Exercise goal → Repeat the stretch of entries below from the line with "校园赛场青春激扬活力四射,推荐校园竞技" through the line with "В Приозерском лесничестве". Include both ends and add nothing.

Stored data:
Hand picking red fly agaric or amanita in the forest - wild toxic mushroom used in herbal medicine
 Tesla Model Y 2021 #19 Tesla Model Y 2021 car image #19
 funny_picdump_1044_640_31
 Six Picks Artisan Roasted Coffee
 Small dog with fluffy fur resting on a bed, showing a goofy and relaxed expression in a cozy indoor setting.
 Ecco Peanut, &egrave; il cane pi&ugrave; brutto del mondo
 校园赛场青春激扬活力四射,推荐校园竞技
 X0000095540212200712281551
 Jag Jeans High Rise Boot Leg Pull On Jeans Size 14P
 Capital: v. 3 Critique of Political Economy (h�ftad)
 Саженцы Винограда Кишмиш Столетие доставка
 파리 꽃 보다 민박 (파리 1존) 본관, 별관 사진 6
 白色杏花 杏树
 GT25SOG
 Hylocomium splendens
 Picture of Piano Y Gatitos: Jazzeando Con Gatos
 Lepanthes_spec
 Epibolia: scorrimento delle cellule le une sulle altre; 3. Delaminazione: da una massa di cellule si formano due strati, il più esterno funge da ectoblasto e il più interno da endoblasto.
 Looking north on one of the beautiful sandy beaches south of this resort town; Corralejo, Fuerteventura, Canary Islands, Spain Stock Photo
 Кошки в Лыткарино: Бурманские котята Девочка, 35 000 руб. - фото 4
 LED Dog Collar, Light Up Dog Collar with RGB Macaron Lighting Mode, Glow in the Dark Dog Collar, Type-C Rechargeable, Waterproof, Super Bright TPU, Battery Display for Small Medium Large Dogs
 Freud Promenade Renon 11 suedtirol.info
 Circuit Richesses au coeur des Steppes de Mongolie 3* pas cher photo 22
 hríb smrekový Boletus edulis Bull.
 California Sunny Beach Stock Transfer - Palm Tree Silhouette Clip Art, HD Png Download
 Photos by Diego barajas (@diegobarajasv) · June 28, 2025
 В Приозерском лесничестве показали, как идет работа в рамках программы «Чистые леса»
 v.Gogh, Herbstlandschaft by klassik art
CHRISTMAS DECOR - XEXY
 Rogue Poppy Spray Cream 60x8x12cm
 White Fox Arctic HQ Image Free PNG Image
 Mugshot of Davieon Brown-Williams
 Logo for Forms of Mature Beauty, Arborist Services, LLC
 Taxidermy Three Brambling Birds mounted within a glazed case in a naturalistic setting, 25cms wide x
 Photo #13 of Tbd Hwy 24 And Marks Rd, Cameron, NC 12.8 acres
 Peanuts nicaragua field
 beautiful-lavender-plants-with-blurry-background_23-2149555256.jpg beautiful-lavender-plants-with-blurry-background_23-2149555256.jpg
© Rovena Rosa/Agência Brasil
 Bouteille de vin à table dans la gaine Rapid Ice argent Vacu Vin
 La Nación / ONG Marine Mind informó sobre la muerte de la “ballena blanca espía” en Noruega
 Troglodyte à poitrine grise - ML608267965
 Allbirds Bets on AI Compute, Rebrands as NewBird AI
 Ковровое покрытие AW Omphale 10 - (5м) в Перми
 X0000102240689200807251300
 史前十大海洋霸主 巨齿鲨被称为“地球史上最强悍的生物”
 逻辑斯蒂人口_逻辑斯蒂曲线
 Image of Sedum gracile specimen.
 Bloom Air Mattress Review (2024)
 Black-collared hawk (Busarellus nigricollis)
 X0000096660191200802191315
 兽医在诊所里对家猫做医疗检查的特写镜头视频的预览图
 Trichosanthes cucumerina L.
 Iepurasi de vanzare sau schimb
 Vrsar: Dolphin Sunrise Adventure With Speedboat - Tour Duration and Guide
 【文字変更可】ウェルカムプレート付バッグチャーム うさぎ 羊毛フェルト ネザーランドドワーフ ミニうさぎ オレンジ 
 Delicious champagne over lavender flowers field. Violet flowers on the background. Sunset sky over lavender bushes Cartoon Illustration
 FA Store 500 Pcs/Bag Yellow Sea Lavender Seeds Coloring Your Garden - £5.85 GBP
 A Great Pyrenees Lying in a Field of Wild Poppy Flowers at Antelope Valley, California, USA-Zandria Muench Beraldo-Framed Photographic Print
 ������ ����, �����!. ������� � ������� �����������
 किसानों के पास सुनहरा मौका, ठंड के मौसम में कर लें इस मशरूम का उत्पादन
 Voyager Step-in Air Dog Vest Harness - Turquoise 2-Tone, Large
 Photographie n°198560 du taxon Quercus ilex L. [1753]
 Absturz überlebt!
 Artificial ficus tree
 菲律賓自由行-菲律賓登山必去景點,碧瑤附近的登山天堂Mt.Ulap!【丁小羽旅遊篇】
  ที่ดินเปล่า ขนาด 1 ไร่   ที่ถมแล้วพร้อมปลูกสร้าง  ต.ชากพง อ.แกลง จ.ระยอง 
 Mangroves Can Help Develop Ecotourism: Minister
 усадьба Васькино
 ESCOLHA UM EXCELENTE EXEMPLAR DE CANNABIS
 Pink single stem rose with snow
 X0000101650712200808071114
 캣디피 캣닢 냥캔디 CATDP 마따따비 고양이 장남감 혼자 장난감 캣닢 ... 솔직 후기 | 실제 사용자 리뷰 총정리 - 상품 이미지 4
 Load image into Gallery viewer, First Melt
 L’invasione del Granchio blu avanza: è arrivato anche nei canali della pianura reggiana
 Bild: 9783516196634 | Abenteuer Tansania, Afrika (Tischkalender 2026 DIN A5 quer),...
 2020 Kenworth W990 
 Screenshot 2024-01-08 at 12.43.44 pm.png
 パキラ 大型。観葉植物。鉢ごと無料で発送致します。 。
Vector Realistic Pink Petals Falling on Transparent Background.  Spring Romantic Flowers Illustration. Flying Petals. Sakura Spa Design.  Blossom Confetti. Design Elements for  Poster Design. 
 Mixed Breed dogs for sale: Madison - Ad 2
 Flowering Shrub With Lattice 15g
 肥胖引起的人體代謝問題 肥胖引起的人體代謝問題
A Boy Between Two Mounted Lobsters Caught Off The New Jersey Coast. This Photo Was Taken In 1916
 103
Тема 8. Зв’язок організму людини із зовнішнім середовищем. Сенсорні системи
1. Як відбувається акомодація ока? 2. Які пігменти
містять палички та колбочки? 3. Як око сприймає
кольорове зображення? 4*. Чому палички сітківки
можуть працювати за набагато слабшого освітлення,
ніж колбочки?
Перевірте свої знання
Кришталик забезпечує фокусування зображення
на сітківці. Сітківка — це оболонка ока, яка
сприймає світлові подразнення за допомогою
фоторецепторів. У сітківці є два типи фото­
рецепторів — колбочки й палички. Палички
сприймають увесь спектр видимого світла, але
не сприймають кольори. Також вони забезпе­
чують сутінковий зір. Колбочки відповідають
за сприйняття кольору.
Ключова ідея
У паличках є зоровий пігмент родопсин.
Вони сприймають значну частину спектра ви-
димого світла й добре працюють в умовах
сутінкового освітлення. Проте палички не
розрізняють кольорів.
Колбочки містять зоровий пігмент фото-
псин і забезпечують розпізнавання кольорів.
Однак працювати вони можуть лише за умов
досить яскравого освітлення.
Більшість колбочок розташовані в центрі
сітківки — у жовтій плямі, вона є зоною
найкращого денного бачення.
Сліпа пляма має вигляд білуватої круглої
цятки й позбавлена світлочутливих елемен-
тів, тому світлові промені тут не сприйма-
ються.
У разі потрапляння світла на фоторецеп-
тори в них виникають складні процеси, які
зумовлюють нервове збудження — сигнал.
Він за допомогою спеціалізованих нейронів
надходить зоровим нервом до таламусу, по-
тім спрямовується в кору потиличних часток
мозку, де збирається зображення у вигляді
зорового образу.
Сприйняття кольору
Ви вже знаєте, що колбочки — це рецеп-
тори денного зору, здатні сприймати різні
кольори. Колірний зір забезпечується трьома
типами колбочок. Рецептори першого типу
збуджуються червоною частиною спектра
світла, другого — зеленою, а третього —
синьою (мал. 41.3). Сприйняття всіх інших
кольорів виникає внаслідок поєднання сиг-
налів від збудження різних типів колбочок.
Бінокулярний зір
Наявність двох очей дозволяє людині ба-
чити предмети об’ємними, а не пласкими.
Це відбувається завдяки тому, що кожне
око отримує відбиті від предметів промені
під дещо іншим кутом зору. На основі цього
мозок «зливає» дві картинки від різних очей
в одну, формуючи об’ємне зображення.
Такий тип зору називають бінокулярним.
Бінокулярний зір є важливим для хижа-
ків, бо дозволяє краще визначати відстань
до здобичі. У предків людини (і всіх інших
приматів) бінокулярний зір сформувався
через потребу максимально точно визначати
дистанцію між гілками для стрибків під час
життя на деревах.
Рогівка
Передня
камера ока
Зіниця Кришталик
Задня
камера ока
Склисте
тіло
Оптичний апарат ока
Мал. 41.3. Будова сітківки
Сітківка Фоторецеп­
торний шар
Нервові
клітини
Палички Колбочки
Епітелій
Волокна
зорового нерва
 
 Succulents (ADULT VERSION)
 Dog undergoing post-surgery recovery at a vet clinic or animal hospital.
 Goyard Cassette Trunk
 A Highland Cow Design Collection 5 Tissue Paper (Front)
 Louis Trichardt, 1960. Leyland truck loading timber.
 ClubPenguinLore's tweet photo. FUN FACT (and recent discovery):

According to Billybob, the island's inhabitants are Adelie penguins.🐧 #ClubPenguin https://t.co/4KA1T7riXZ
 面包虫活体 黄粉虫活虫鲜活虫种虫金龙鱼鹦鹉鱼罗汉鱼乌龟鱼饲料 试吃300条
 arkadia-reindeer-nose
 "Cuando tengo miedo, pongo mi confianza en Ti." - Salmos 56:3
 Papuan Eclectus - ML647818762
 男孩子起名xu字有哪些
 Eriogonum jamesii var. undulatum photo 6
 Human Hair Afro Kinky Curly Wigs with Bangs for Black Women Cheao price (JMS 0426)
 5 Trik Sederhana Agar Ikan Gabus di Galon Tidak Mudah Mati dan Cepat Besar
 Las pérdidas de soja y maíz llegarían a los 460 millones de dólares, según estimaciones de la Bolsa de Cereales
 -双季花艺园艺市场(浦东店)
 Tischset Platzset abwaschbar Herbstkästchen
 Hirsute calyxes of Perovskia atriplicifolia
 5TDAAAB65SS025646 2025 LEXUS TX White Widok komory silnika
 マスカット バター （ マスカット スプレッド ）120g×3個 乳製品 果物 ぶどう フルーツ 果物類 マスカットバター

Solved exercise →
 校园赛场青春激扬活力四射,推荐校园竞技
 X0000095540212200712281551
 Jag Jeans High Rise Boot Leg Pull On Jeans Size 14P
 Capital: v. 3 Critique of Political Economy (h�ftad)
 Саженцы Винограда Кишмиш Столетие доставка
 파리 꽃 보다 민박 (파리 1존) 본관, 별관 사진 6
 白色杏花 杏树
 GT25SOG
 Hylocomium splendens
 Picture of Piano Y Gatitos: Jazzeando Con Gatos
 Lepanthes_spec
 Epibolia: scorrimento delle cellule le une sulle altre; 3. Delaminazione: da una massa di cellule si formano due strati, il più esterno funge da ectoblasto e il più interno da endoblasto.
 Looking north on one of the beautiful sandy beaches south of this resort town; Corralejo, Fuerteventura, Canary Islands, Spain Stock Photo
 Кошки в Лыткарино: Бурманские котята Девочка, 35 000 руб. - фото 4
 LED Dog Collar, Light Up Dog Collar with RGB Macaron Lighting Mode, Glow in the Dark Dog Collar, Type-C Rechargeable, Waterproof, Super Bright TPU, Battery Display for Small Medium Large Dogs
 Freud Promenade Renon 11 suedtirol.info
 Circuit Richesses au coeur des Steppes de Mongolie 3* pas cher photo 22
 hríb smrekový Boletus edulis Bull.
 California Sunny Beach Stock Transfer - Palm Tree Silhouette Clip Art, HD Png Download
 Photos by Diego barajas (@diegobarajasv) · June 28, 2025
 В Приозерском лесничестве показали, как идет работа в рамках программы «Чистые леса»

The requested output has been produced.